ABOUT JACK L. DAVIES, OUR FUND'S NAMESAKE
Jack L. Davies was a successful Los Angeles businessman in 1965 when he bought the 220 acre Jacob Schram property in Napa County. Schramsberg, the name of the winery built in 1862 on the property, achieved notoriety in 1883 when Robert Louis Stevenson, in his book “The Silverado Squatters”, wrote long and lovingly about the winery, the wine, the owner Jacob Schram, and the Napa Valley.
However, in 1965 after years of neglect, all of the buildings on the property, the wine caves and the vineyards were all in need of repair, restoration or replacement. Over the next thirty-three years Jack and his wife Jamie not only rebuilt the facilities and restored the vineyards and caves, they also established Schramsberg as the home of an internationally acclaimed sparkling wine.
In 1972 President Richard Nixon chose a 1969 Schramsberg Blanc de Blanc to toast the normalization of United States’ diplomatic relations with China during his historic trip to Beijing.

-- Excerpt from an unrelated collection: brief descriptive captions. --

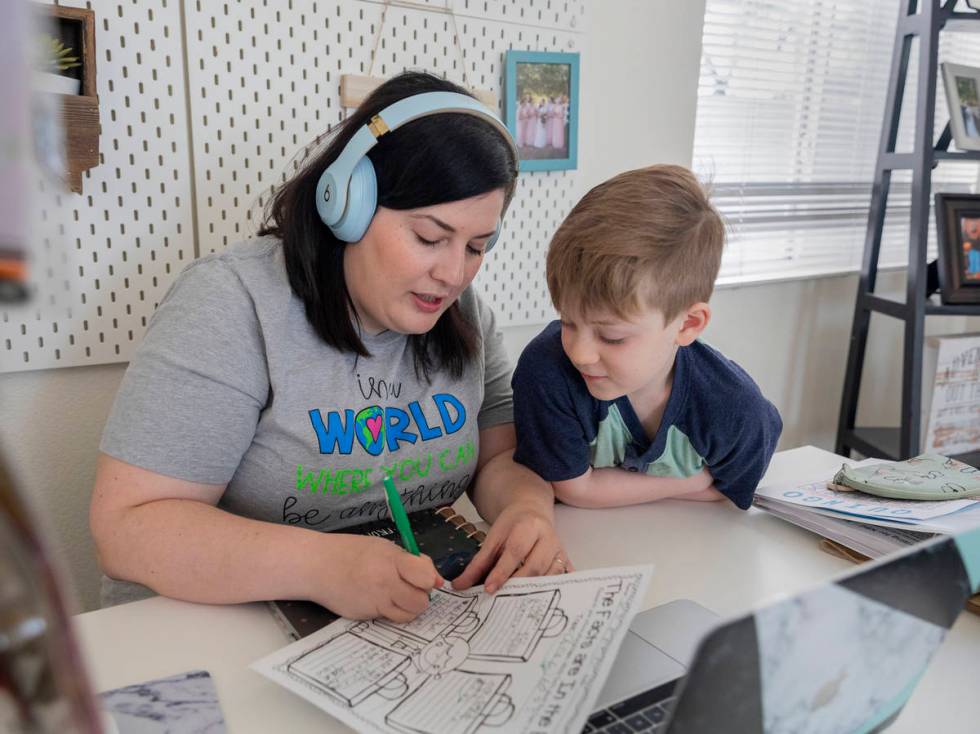 School counselor for Jerome Mack Middle School Jessica Houchins, left, helps her son Everett Ma ...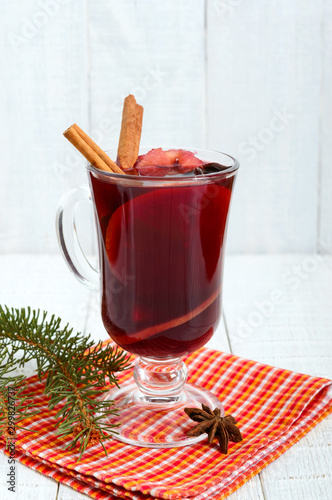 Hot mulled wine in a glass on a white wooden background. A traditional warming winter wine drink with aromatic spices. Vertical view.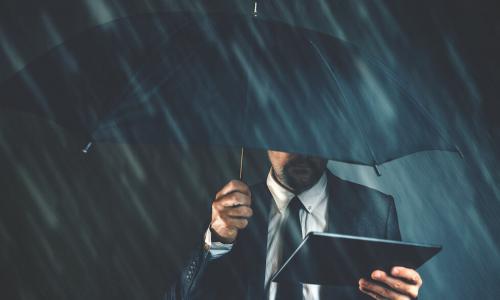 business man holds tablet under an umbrella on a dark rainy day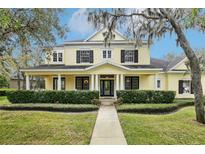 Charming yellow two-story home with a covered front porch, columns, and well-manicured landscaping at 16113 Ternglade Dr, Lithia, FL 33547
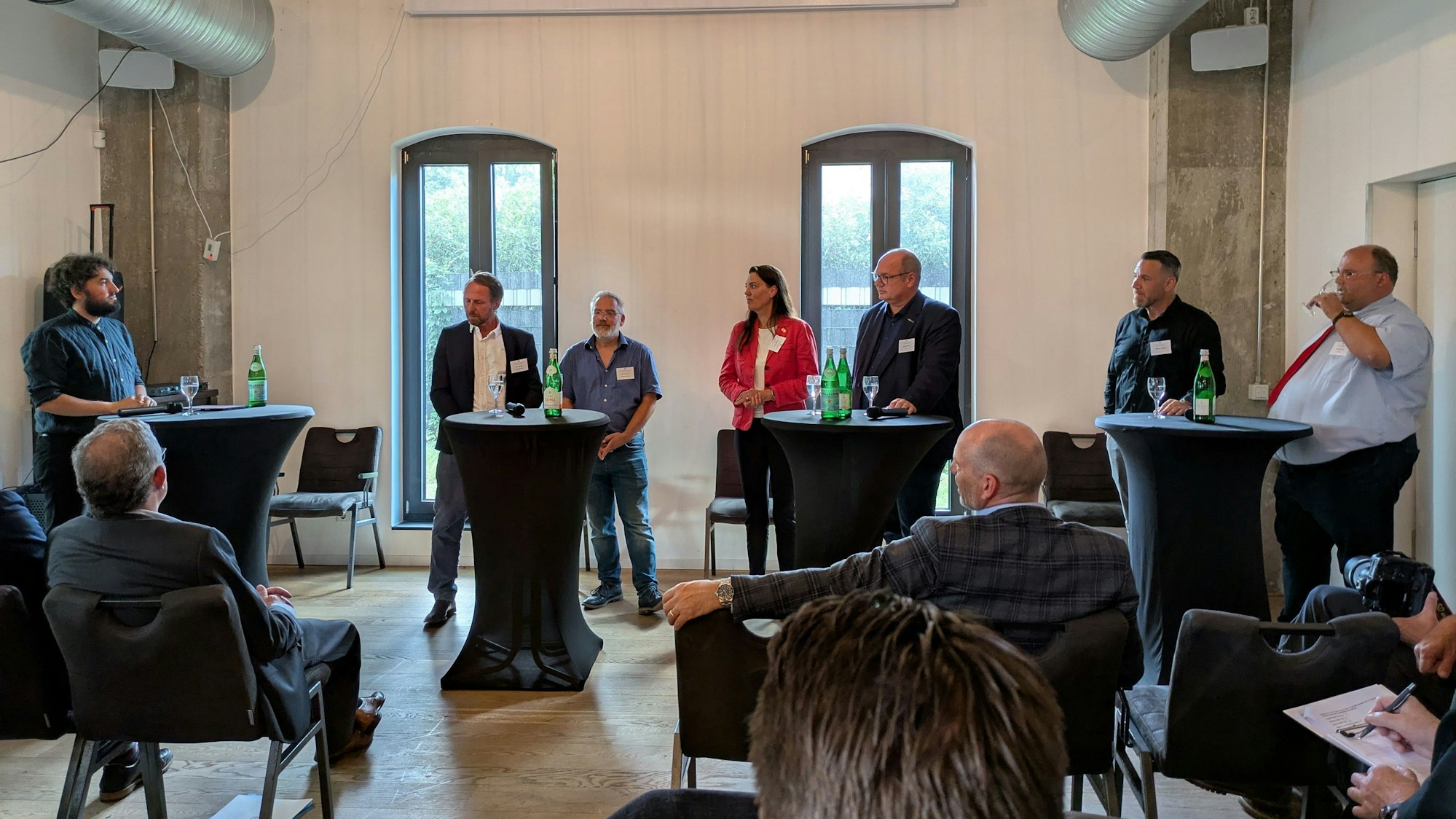 Sechs Männer und eine Frau stehen an Stehtischen und debattieren vor Publikum.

While he was busy restoring the vineyards, winery and related facilities, from the beginning Jack found time to become involved in local proposals and issues concerning agriculture’s role and its future in Napa County. In 1967 he served as chairman of a citizen committee formed to support the creation of the Napa County Agricultural Preserve.
The controversial aspect of the Preserve was that it established agriculture as the highest and best use of over ninety percent of all the land in the unincorporated area of the Napa Valley. Jack circulated petitions supporting the creation of the Preserve and appeared before the County Planning Commission and the Board of Supervisors to speak in favor of it. The Agricultural Preserve established in 1968 remains today as the heart of Napa’s wine industry.
Jack continued until his death in 1998 to be an active participant in every major agriculture-open space issue and program facing the county. The Jack L. Davies Fund was created to continue his work and his vision to preserve agricultural and open space in Napa County.